● Your task
Transcribe, starting at the line with "vintage Rohé Noordwolde" and ending at the line with "Presentation with bottle", every line of the material below exactly, but leave out the pictures and anything outside that span.

● Data for review
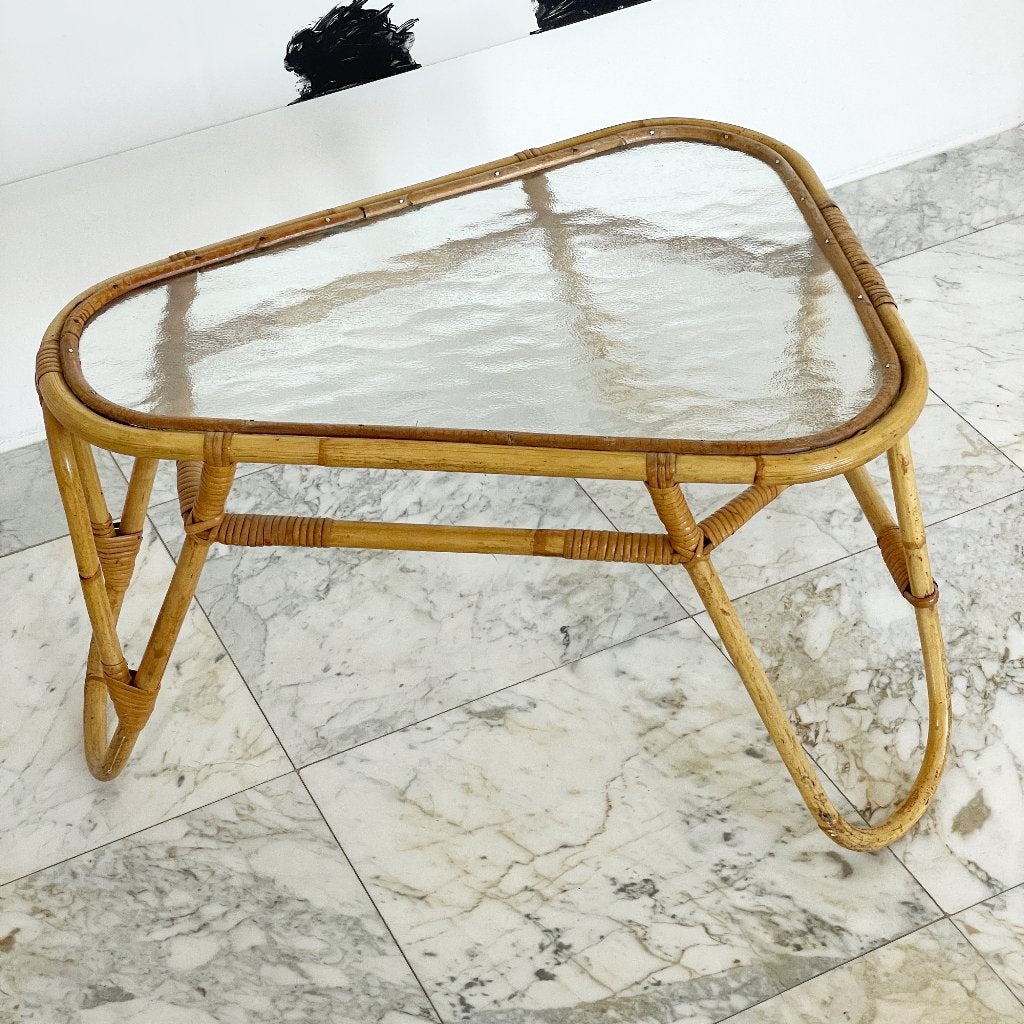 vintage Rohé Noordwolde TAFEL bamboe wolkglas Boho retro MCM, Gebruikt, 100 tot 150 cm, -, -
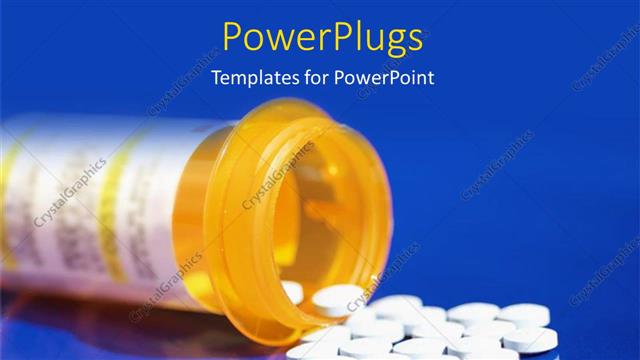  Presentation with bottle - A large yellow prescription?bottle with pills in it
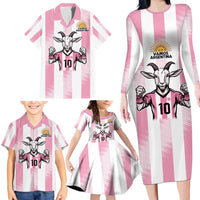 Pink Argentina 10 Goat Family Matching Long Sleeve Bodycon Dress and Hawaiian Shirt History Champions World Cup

---

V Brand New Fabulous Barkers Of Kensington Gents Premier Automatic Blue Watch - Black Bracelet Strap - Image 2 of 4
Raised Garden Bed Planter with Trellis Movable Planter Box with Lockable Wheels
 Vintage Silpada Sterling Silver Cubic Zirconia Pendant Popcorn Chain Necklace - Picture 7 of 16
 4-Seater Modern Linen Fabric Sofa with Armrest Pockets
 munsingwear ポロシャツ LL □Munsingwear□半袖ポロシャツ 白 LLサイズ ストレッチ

* * *

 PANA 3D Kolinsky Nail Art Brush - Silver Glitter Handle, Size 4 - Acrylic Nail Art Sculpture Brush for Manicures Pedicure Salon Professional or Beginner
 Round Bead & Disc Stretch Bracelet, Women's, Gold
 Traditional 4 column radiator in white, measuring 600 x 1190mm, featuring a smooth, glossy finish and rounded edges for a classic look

● Output for this exercise
 vintage Rohé Noordwolde TAFEL bamboe wolkglas Boho retro MCM, Gebruikt, 100 tot 150 cm, -, -
  Presentation with bottle - A large yellow prescription?bottle with pills in it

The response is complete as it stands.